**Information supplied:**
▼
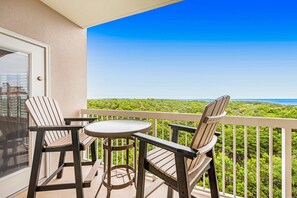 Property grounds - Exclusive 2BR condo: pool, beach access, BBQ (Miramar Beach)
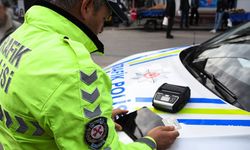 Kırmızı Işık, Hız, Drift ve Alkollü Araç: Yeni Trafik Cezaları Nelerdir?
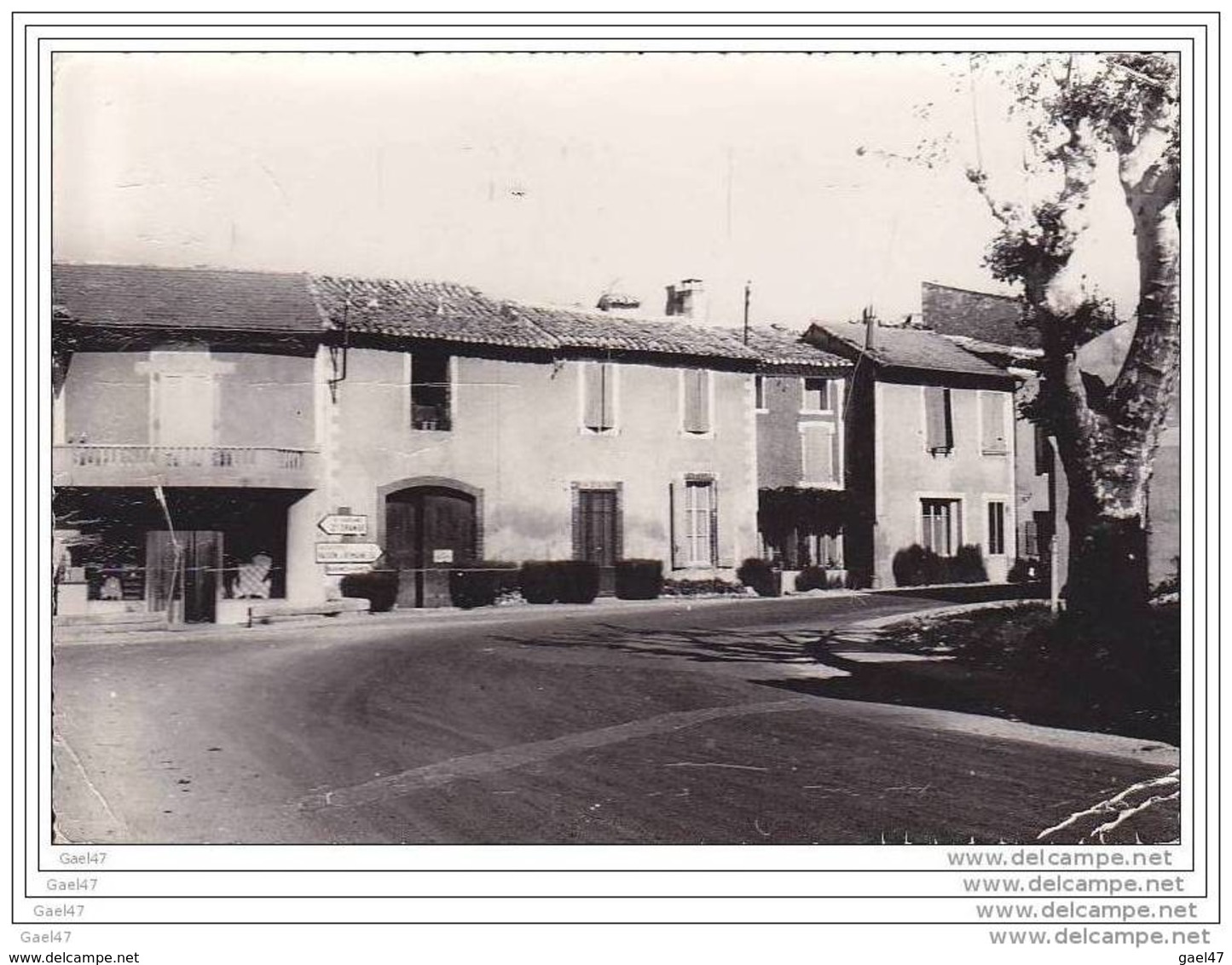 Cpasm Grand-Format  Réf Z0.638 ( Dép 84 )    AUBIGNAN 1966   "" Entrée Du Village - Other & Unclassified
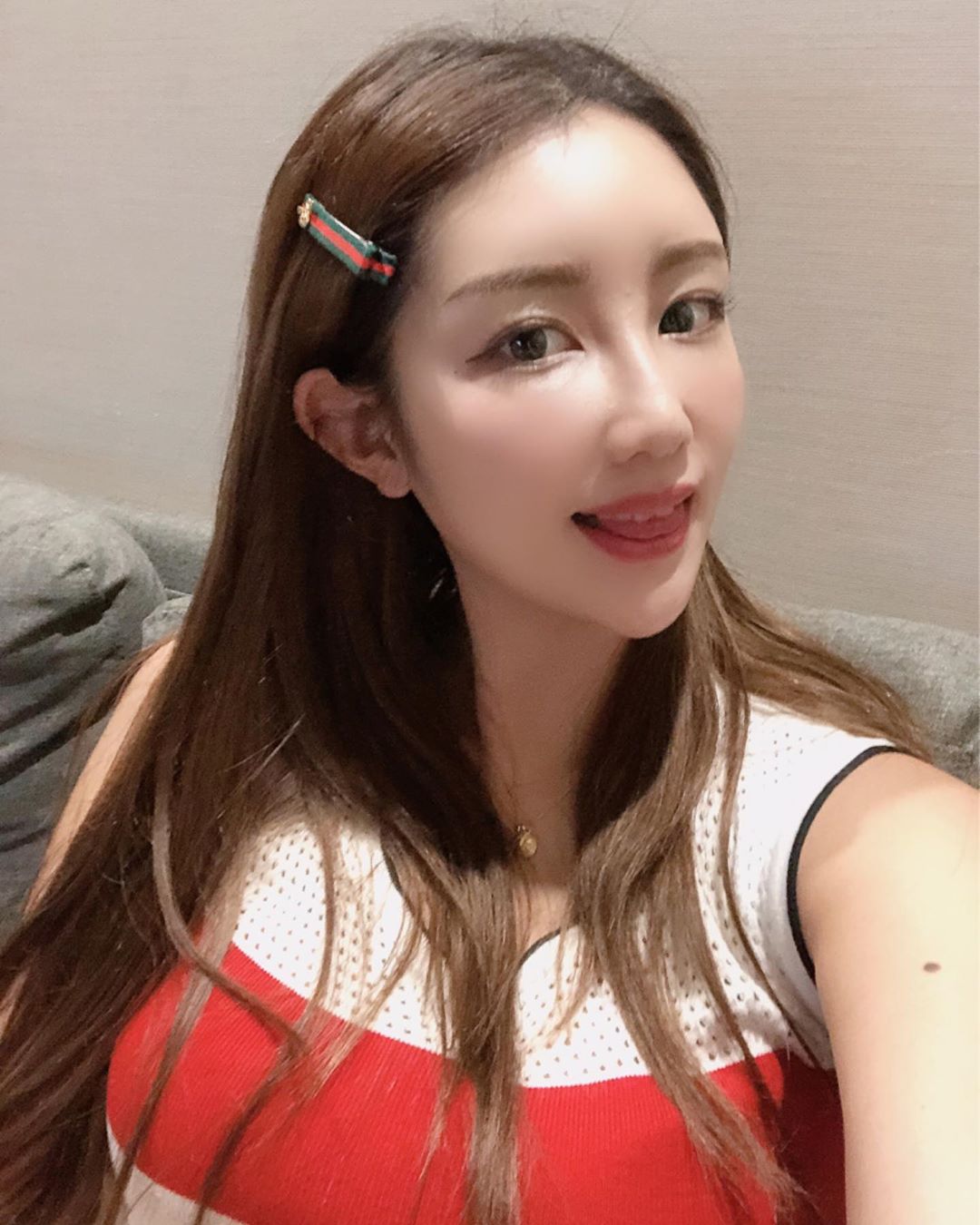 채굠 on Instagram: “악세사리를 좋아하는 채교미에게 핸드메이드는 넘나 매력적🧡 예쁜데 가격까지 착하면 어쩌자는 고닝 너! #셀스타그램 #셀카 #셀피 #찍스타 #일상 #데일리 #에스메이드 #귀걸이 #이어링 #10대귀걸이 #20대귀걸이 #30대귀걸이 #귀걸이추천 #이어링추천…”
▲
**Work to be completed:** Could you copy the listing above exactly, without its pictures?

**Your response:**
 Property grounds - Exclusive 2BR condo: pool, beach access, BBQ (Miramar Beach)
 Kırmızı Işık, Hız, Drift ve Alkollü Araç: Yeni Trafik Cezaları Nelerdir?
 Cpasm Grand-Format  Réf Z0.638 ( Dép 84 )    AUBIGNAN 1966   "" Entrée Du Village - Other & Unclassified
 채굠 on Instagram: “악세사리를 좋아하는 채교미에게 핸드메이드는 넘나 매력적🧡 예쁜데 가격까지 착하면 어쩌자는 고닝 너! #셀스타그램 #셀카 #셀피 #찍스타 #일상 #데일리 #에스메이드 #귀걸이 #이어링 #10대귀걸이 #20대귀걸이 #30대귀걸이 #귀걸이추천 #이어링추천…”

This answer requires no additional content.